In this notebook, starting from a lineage-labeled neuron, we collect lineages nearby and check to see if the annotation is indeed correct, based on a naive Bayes classifier trained on the local environment around a particular lineage entry point.

In [None]:
import os

import catalysis as cat
import catalysis.pynblast as pynblast
import catalysis.plt as catplt
import catalysis.transform as transform
import catalysis.completeness as completeness
import catalysis.lineage_classifier as lineage_classifier

import plotly.offline as py
import plotly.graph_objs as go

import seaborn as sns
import matplotlib.pyplot as plt
import matplotlib.colors as cl

import numpy as np
import scipy as sp
import pandas as pd
import networkx as nx
import re
import dill as pickle

from IPython.core.display import display, HTML

from itertools import chain, cycle
from sklearn import cluster
from sklearn.neighbors.kde import KernelDensity

from importlib import reload

HERE = os.path.dirname(os.path.dirname(os.path.abspath(__file__)))

In [None]:
l1data = cat.CatmaidDataInterface.from_json(os.environ["CATMAID_CREDENTIALS"])

In [None]:
adult_fly_f = pd.read_csv(os.path.join(HERE, "data/smat_jefferis.csv"), delimiter=" ")
smat = pynblast.ScoreMatrixLookup.from_dataframe(adult_fly_f)
# Do this to reduce things to L1 volume size and change scale to nm, based on scale up observed in the L1/L3 data papers and desired properties
smat.d_range = smat.d_range * 1000 / 4

with open(os.path.join(HERE, "data/Brain_Lineage_Landmarks_EMtoEM_ProjectSpace.csv") as fid:
    lin_landmarks = pd.read_csv(fid)

side_name = ["l_loc", "r_loc"]

wb_match = re.compile("\*.*akira")
lineage_parser = re.compile("\*(?P<group>.*?)_(?P<instance>[rl]) akira")
hemilateral_groups = l1data.match_groups_from_select_annotations(
    wb_match, lineage_parser
)

all_lins = []
for lin in sorted(list(hemilateral_groups.keys())):
    for side in hemilateral_groups[lin]:
        all_lins.append(hemilateral_groups[lin][side])

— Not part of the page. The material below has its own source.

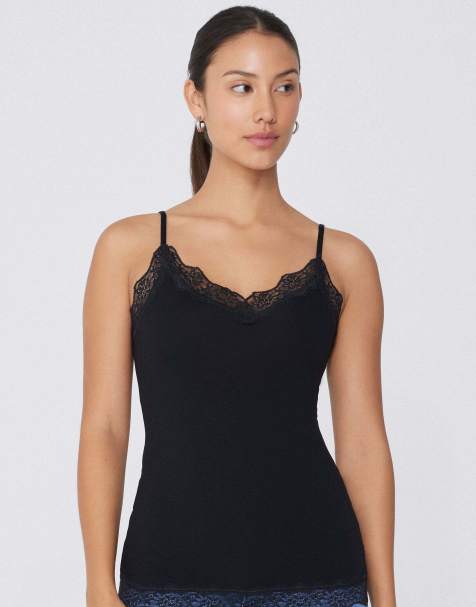 Tezenis Viscose and lace camisole in black - view 1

lin_df = lineage_classifier.lineage_table(hemilateral_groups, lin_landmarks, side_name)

---
## Continued thoughts on bundling approach.

We want to use NBLAST to identify what lineage neurons should belong to. While in principle, lineage bundles are fairly clear, in practice that is not the case at all. In some instances, you really need the EM to guide you into seeing who genuinely bundles with whom. Part of this may be that the NBLAST cost function needs to be re-jiggered for this purpose. Bundled neurites are vastly more similar than is the case with whole arbors in transformed spaces, after all. The first step really should be to re-compute the NBLAST scores in this particular domain. However, there will still be outliers, and the clustering should be softer than a simple k-means would properly give you, giving you a ranked list of candidates.

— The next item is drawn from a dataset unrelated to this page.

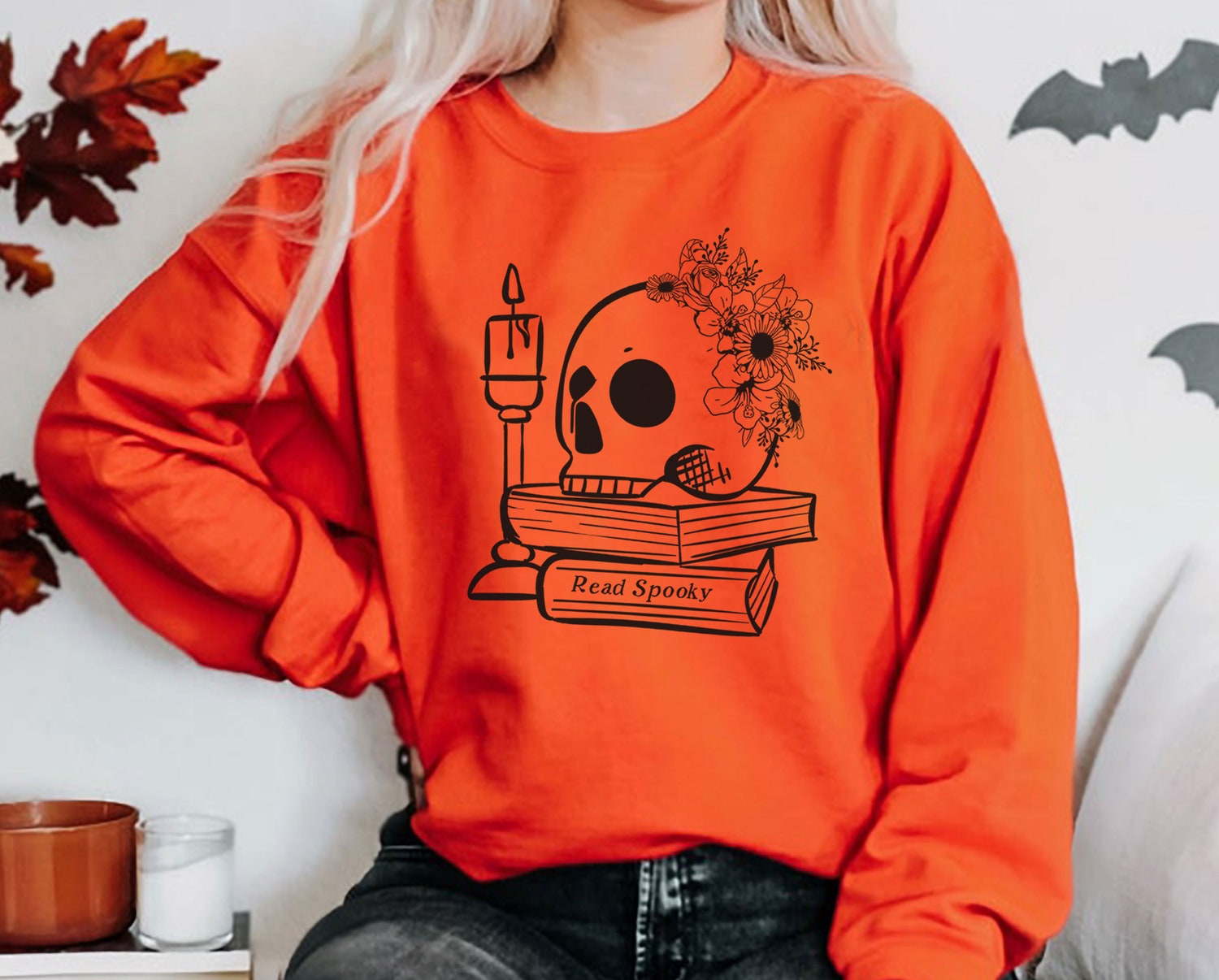 Halloween Bookworm Sweatshirt for Librarians and Readers Spooky Books Gift image 6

For a given neuron $\textbf{x}$ and lineage $L_i \in \{L_i\}$, we want to find the lineage $i$ which maximizes $P( \textbf{x} \in L_i | <\textbf{x},\textbf{y}>_{\textbf{y} \in L_i})$, where $<\textbf{x},\textbf{y}>_{y \ in L_i}$ indicates the mean NBLAST distance to all neurons in $L_i$. 
After trivial application of Bayes's rule, the probability of $\textbf{x} \in L_i$ given the evidence is:
$$
P( \textbf{x} \in L_i \mid <\textbf{x},\textbf{y}>_{\textbf{y} \in L_i}) = 
    P\left( <\textbf{x},\textbf{y}>_{\textbf{y} \in L_i} \mid \textbf{x} \in L_i \right)
    \frac{P\left( \textbf{x} \in L_i \right)}{P\left( <\textbf{x},\textbf{y}>_{\textbf{y} \in L_i} \right)}
$$

We need to do comparison for those lineages for a specific region determined by the neuron at hand, since some lineages have more similar lineages than others. This is effectively like hand-setting distant lineages to probability 0 and not bothering with the computations.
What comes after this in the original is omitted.